Please copy every line of the records below that holds the word "Stainless".
** GIVEN INFORMATION follows **
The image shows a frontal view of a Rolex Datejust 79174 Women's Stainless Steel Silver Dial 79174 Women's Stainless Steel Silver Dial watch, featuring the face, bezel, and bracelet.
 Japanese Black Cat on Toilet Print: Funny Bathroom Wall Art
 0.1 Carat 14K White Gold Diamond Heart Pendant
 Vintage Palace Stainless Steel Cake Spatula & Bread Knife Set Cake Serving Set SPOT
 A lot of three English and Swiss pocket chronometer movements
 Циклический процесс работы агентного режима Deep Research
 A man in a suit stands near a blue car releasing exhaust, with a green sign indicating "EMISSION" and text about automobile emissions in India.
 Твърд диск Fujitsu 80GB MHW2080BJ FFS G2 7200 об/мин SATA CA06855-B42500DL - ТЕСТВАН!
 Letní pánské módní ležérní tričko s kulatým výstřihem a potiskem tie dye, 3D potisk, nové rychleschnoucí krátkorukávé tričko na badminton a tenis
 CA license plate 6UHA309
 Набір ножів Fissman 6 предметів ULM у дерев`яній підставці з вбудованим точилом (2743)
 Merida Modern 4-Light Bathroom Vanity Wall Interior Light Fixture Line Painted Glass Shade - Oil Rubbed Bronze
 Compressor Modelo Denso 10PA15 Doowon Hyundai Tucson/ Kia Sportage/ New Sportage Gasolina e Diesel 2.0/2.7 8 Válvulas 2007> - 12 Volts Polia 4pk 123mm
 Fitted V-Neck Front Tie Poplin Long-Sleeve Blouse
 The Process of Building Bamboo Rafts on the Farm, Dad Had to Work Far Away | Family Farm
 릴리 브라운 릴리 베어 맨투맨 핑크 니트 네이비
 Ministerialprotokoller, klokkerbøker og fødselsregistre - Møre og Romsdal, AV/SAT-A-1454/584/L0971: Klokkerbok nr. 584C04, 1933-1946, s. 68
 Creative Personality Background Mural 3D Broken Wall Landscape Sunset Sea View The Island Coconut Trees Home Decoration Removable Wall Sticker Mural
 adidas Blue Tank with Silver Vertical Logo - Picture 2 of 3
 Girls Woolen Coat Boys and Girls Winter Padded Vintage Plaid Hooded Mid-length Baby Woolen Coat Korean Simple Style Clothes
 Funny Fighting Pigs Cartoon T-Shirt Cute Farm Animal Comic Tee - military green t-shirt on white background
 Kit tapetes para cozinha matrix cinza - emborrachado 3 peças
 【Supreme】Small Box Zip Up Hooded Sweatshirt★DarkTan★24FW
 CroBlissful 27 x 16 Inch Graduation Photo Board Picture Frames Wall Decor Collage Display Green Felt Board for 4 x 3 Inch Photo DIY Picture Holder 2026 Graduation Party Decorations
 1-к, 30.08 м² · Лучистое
** End of GIVEN INFORMATION **
* EXERCISE ANSWER:
The image shows a frontal view of a Rolex Datejust 79174 Women's Stainless Steel Silver Dial 79174 Women's Stainless Steel Silver Dial watch, featuring the face, bezel, and bracelet.
 Vintage Palace Stainless Steel Cake Spatula & Bread Knife Set Cake Serving Set SPOT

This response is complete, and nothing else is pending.